The planned Corolla production in fall of 2011 allows Toyota to get the Mississippi project up and running faster than it could with any other product. Toyota moved 150,000 units of Corolla output to Japan this spring after closing its California plant, New United Motor Manufacturing Inc.
When the Mississippi plant opens, Toyota will bring those 150,000 Corollas back. At that point, almost all Corollas for North America will be produced on the continent. About 40,000 will continue to be shipped from Japan.
Toyota also has capacity to build 150,000 Corollas and sibling Matrix models at a plant in Cambridge, Ontario. The Corolla and Matrix are the third-best selling cars in the United States, behind the Honda Accord and Toyota Camry. The Canada plant absorbed about 25,000 of NUMMI's Corollas.
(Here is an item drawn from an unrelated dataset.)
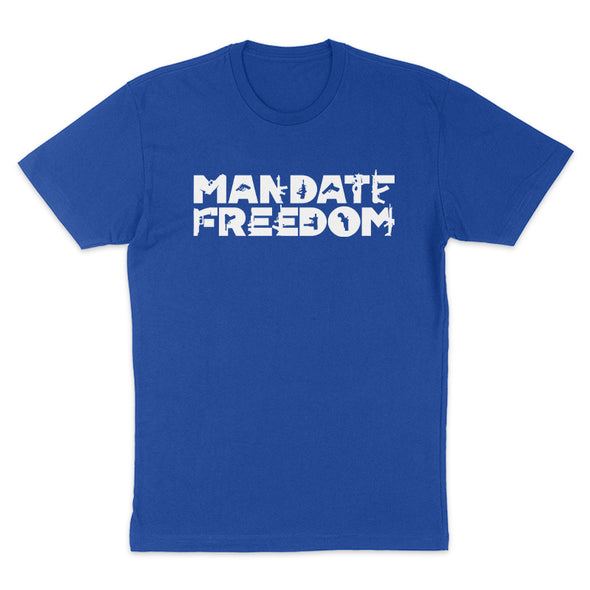 Mandate Freedom Guns Women's Apparel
Through May, Toyota sold 118,625 Corollas and Matrixes in the United States, a 17 percent gain over the same five months of 2009 and on par with the industry-wide 17 percent sales gain for the year to date.
Despite the uncertainty surrounding the project, the state of Mississippi in April decided to go forward with a $90 million investment to provide highway access to the site for suppliers.
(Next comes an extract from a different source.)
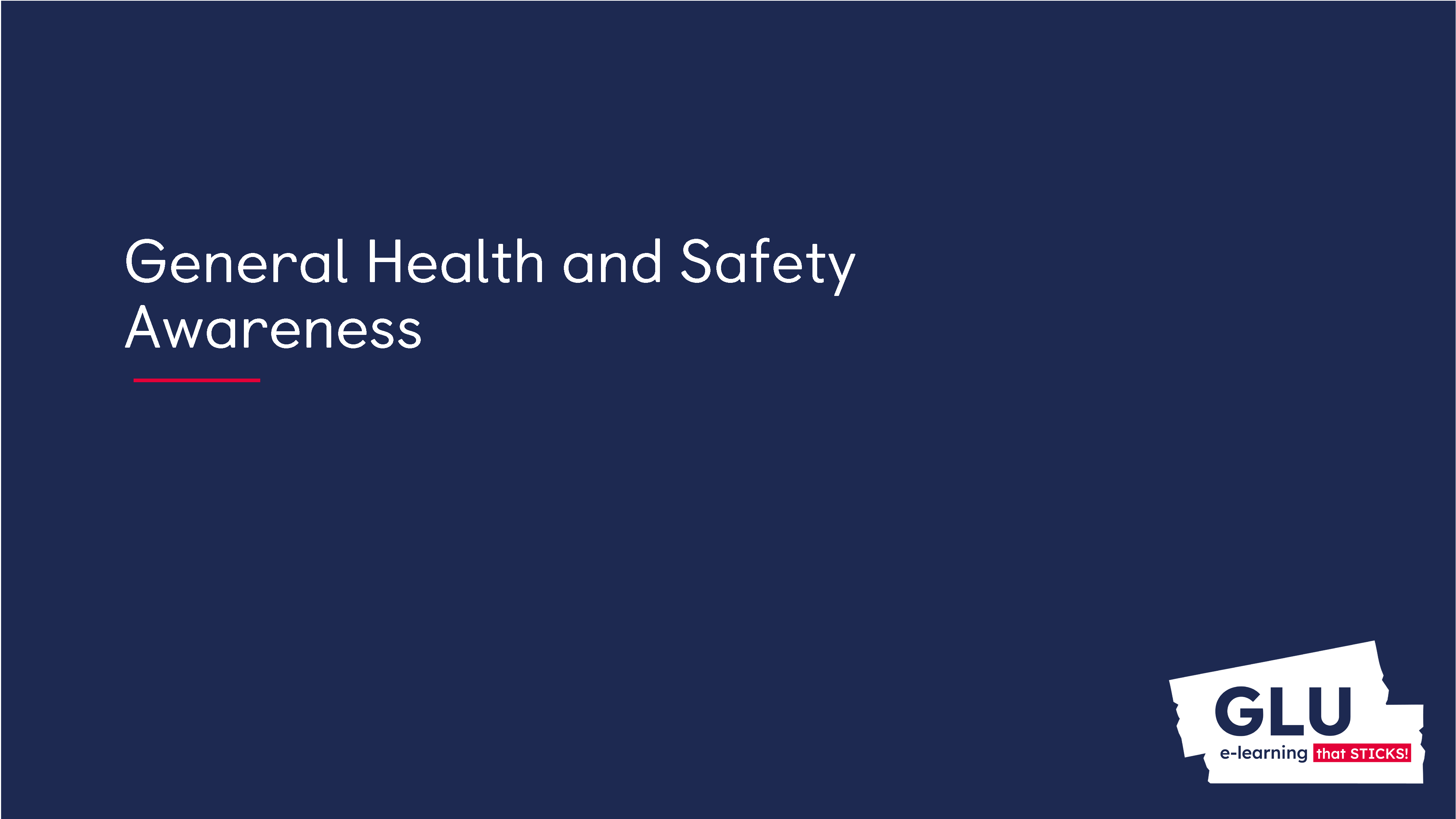 Health & Safety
Toyota is slashing $500 million from its initial investment in Mississippi by reusing tooling and equipment from its other plants in North America.
"It's going to save us a lot," said Steve St. Angelo, executive vice president for Toyota Motor Engineering & Manufacturing North America Inc. and leader of the project. "Millions and million and millions."
Toyota now says it will invest $800 million in the plant near Tupelo, Miss. That's down from the $1.3 billion previously estimated when the Prius hybrid was to be produced there.
Tooling for the Corolla will come from Toyota's now-shuttered plant in California, New United Motor Manufacturing Inc. Toyota ended Corolla production there earlier this spring, temporarily shifting most of NUMMI's volume to Japan. Equipment such as desks, forklifts and cabinets will come from other Toyota plants around North America, St. Angelo said.
“Plants like Kentucky and Canada are approaching 25 years, so when you do a spring cleaning, you can find a lot of good stuff in the corners,” he said. “I'm not exaggerating – even screws and hammers.”
Even though the initial spending has been pared significantly, Toyota expects additional investment in the Mississippi location in later years, St. Angelo said.
And Toyota still intends to make the Prius in North America someday. It is monitoring Prius sales closely. Executives want to see an increase before moving ahead with a Prius production plan here.
"There's not a magic number," St. Angelo said, "but higher than it is now. Look at the relationship between the dollar and yen. It makes it very attractive to build vehicles in the United States.”
Toyota would not create another new plant for the Prius, he said. Instead, the automaker likely would expand an existing facility to accommodate Prius production.
The renewed project is another sign of comeback for the U.S. auto industry after the steepest recession since the Great Depression. U.S. auto sales rose 16 percent through May from year earlier. Toyota, battling recalls and consumer concerns about quality, has lost share while posting an 11 percent gain.